A la hora de definir su trabajo, dice que consiste en “saber el cómo, el cuándo, el qué, el quiénes y el dónde de un hecho criminal” a través de una serie de indicios. Aclara que del porqué se encarga la criminología. “Yo no me meto en la mente de un criminal, cómo hacerlo en alguien que pudo matar”.

Agrega que además se necesita un “corazón sensible con la gente que lo necesita a uno”. “Yo siempre estoy del lado de las víctimas porque cuando los familiares de la víctima te convocan es porque el Estado fracasó”, subraya.
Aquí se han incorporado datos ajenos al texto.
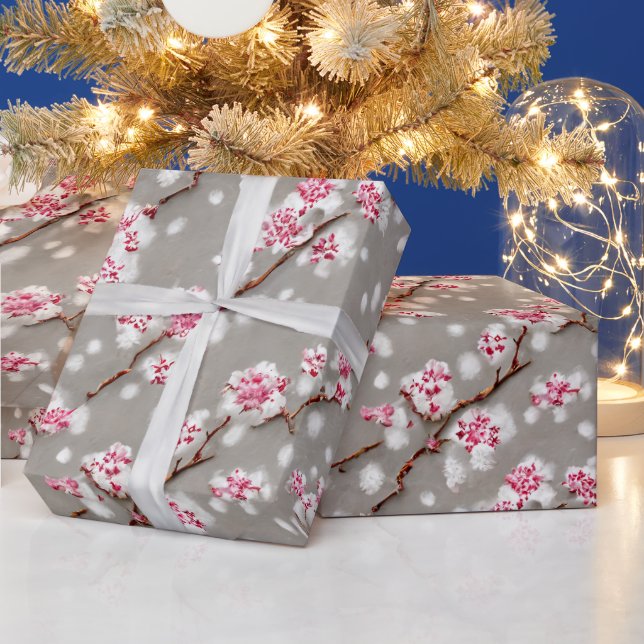 Stunning Pink and Silvery Cherry Blossoms Print   Wrapping Paper (Holidays)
Uno podría imaginarse que luego de una intensa jornada de trabajo investigando un homicidio o enseñando la criminalística en el instituto que lleva su nombre en esta ciudad o en universidades del país, Enrique disfruta leyendo novelas policiales o mirando series. "Nada de eso, estaría loco si lo hiciera. Prefiero ver National Geographic o Animal Planet".

En 1987, unos años antes de su actuación crucial para la identificación del lugar donde había sido ocultado el cuerpo del soldado Carrasco en el regimiento de Zapala, Prueger se fue a Estados Unidos a especializarse en homicidios. "Me contrató el Sistema Postal Americano porque había diseñado un sistema computarizado para la identificación de anónimos a través de la escritura. El sistema fue certificado por el Servicio Secreto de Estados Unidos", explica.
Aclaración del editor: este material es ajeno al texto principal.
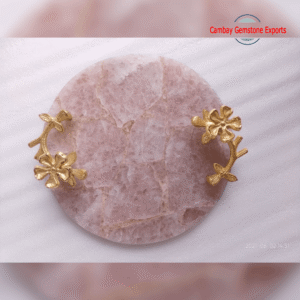 Natural Rose Quartz Gemstone  Serving Trays Unique Coffee  Serving Trays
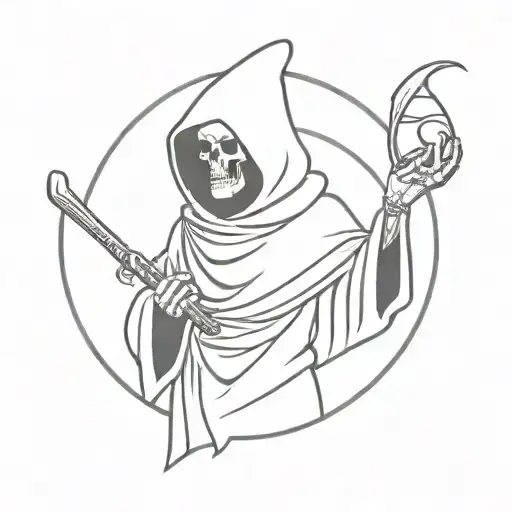 Grim Reaper Holding Hour Glass With Sand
Si bien considera que el caso Carrasco, en 1994, lo hizo conocido y asegura que "era un inconsciente" cuando identificó el lugar donde había sido enterrado el conscripto, el que más lo impactó fue la investigación que realizó de una matanza de aborígenes ocurrida en el paraje Campo Alegre en Formosa, en 1947. "Durante seis meses del año 2005 nos metimos en la selva junto con mi señora, especialista en análisis de investigación de homicidios, y un equipo, y encontramos dos fosas comunes con más de 200 cadáveres de indígenas pilagá".
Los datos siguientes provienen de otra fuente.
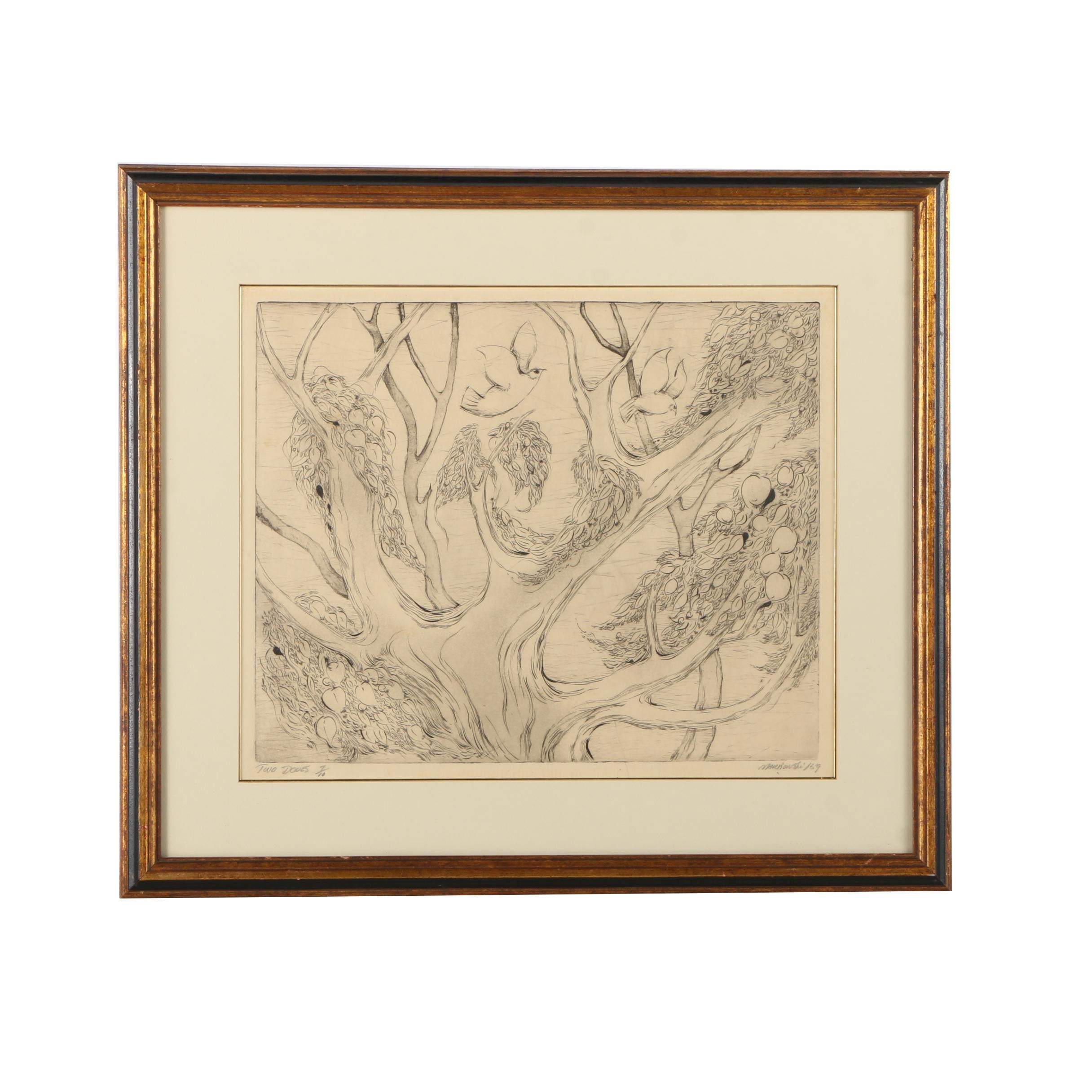 Markowski Limited Edition Intaglio Print "Two Doves"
"No me gusta ser mediocre en mi profesión pero una cuota de inconsciencia hay, pero hasta ahí nomás", advierte Prueger antes de interrumpir la conversación y atender a la prensa por el caso Maldonado, "que no está cerrado" porque sostiene que el cuerpo no estuvo 78 días sumergido en ese lugar, y que, por lo tanto, fue "plantado por alguien" entre unas horas y unos diez días antes de su aparición, el 17 de octubre de 2017.

Enrique Prueger
Su trayectoria fue reconocida por el Senado de la Nación en 2014.
Su trayectoria fue reconocida por el Senado de la Nación en 2014.

En la tele

Con la máquina de la verdad

"Indudablemente, dice la verdad", "Indudablemente, miente", decía en los veredictos Enrique Prueger junto a la "máquina de la verdad" que el periodista Chiche Gelblung instaló en la pantalla televisiva de los años 90. Prueger confiesa que "detectar" las verdades y mentiras de personajes famosos como la supuesta hija de Perón, Guillermo Coppola, entre otros, fue por interés económico. "Gelblung me pagaba 2500 dólares por programa, y tenía que darle un bienestar a mi familia. No era un delito lo que hacía pero tuve muchos detractores".